Hello, dear readers. Blissful belated Thanksgiving and Black Friday!
This yr has felt like living inside a everlasting DevDay. Every week, some lab drops a brand new model, a brand new agent framework, or a brand new “this changes the whole lot” demo. It’s overwhelming. But it surely’s also the primary yr I’ve felt like AI is finally diversifying — not only one or two frontier models within the cloud, but a complete ecosystem: open and closed, giant and tiny, Western and Chinese, cloud and native.
So for this Thanksgiving edition, here’s what I’m genuinely thankful for in AI in 2025 — the releases that feel like they’ll matter in 12–24 months, not only during this week’s hype cycle.
1. OpenAI kept shipping strong: GPT-5, GPT-5.1, Atlas, Sora 2 and open weights
As the corporate that undeniably birthed the "generative AI" era with its viral hit product ChatGPT in late 2022, OpenAI arguably had among the many hardest tasks of any AI company in 2025: proceed its growth trajectory at the same time as well-funded competitors like Google with its Gemini models and other startups like Anthropic fielded their very own highly competitive offerings.
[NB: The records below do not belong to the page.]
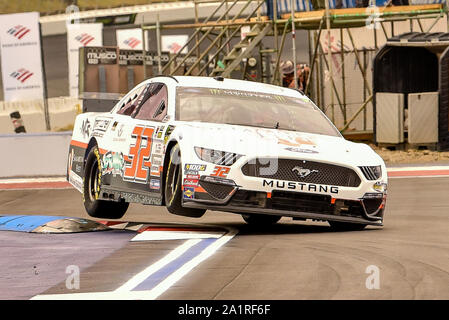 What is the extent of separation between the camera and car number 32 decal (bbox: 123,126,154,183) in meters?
11.7

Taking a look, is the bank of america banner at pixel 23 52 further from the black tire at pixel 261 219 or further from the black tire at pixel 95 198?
the black tire at pixel 261 219

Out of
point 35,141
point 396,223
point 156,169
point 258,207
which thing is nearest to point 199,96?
point 156,169

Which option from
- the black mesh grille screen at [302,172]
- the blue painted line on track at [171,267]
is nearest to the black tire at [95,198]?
the black mesh grille screen at [302,172]

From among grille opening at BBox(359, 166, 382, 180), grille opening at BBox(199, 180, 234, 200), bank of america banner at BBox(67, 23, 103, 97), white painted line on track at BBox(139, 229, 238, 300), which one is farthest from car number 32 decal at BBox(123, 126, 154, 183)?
bank of america banner at BBox(67, 23, 103, 97)

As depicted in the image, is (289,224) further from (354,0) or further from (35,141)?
(354,0)

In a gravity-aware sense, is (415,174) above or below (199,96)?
below

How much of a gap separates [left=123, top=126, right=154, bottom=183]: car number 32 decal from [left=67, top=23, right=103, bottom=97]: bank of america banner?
2696cm

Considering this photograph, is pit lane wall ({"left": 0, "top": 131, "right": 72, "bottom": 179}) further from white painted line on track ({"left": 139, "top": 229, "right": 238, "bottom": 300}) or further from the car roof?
white painted line on track ({"left": 139, "top": 229, "right": 238, "bottom": 300})

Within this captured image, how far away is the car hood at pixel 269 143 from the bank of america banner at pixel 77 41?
2799cm

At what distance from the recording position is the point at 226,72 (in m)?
27.6

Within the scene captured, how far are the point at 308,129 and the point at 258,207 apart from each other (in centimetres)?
145

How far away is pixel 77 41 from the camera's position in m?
39.8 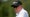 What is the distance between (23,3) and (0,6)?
→ 271mm

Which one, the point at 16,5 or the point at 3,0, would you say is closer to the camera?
the point at 16,5

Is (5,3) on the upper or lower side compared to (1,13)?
upper

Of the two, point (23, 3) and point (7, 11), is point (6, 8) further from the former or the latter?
point (23, 3)

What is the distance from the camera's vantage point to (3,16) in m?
0.99

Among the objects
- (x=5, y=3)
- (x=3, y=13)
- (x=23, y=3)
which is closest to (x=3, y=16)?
(x=3, y=13)

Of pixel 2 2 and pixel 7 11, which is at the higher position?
pixel 2 2

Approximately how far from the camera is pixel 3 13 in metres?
0.98

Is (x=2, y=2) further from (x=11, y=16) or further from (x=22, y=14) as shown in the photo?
(x=22, y=14)

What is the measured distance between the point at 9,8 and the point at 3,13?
0.09 meters

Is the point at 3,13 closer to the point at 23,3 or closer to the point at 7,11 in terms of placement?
the point at 7,11

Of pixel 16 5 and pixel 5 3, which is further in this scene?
pixel 5 3

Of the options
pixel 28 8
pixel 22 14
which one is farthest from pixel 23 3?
pixel 22 14

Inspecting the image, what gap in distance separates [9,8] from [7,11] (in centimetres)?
4

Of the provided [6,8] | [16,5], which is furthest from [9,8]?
[16,5] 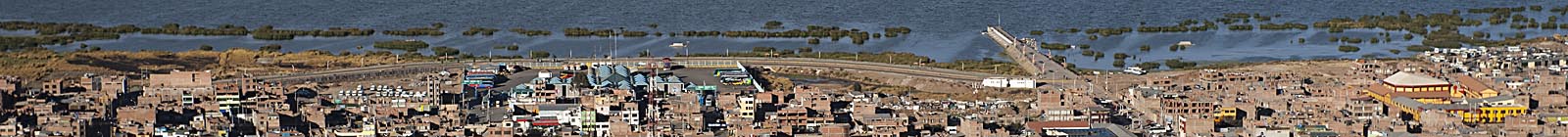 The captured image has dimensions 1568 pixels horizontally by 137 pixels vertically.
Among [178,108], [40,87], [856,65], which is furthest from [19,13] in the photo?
[178,108]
Thankfully, OpenAI rose to the challenge after which some. Its headline act was GPT-5, unveiled in August as the following frontier reasoning model, followed in November by GPT-5.1 with latest Quick and Pondering variants that dynamically adjust how much “considering time” they spend per task.
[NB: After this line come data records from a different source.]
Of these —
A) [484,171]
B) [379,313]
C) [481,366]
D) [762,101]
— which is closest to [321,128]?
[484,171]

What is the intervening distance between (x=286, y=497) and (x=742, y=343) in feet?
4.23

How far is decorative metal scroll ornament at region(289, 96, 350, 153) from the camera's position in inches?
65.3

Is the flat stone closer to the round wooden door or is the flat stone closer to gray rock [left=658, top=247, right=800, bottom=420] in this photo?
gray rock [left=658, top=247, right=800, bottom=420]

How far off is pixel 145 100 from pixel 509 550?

In practice, GPT-5’s launch was bumpy — VentureBeat documented early math and coding failures and a cooler-than-expected community response in “OpenAI’s GPT-5 rollout is just not going easily," but it surely quickly course corrected based on user feedback and, as a every day user of this model, I'm personally pleased with it and impressed with it.
At the identical time, enterprises actually using the models are reporting solid gains. ZenDesk Global, for instance, says GPT-5-powered agents now resolve greater than half of customer tickets, with some customers seeing 80–90% resolution rates. That’s the quiet story: these models may not at all times impress the chattering classes on X, but they’re beginning to move real KPIs.
On the tooling side, OpenAI finally gave developers a serious AI engineer with GPT-5.1-Codex-Max, a brand new coding model that may run long, agentic workflows and is already the default in OpenAI’s Codex environment. VentureBeat covered it intimately in “OpenAI debuts GPT-5.1-Codex-Max coding model and it already accomplished a 24-hour task internally.”
Then there’s ChatGPT Atlas, a full browser with ChatGPT baked into the chrome itself — sidebar summaries, on-page evaluation, and search tightly integrated into regular browsing. It’s the clearest sign yet that “assistant” and “browser” are on a collision course.
On the media side, Sora 2 turned the unique Sora video demo right into a full video-and-audio model with higher physics, synchronized sound and dialogue, and more control over style and shot structure, plus a dedicated Sora app with a full fledged social networking component, allowing any user to create their very own TV network of their pocket.
Finally — and perhaps most symbolically — OpenAI released gpt-oss-120B and gpt-oss-20B, open-weight MoE reasoning models under an Apache 2.0–style license. Whatever you think that of their quality (and early open-source users have been loud about their complaints), that is the primary time since GPT-2 that OpenAI has put serious weights into the general public commons.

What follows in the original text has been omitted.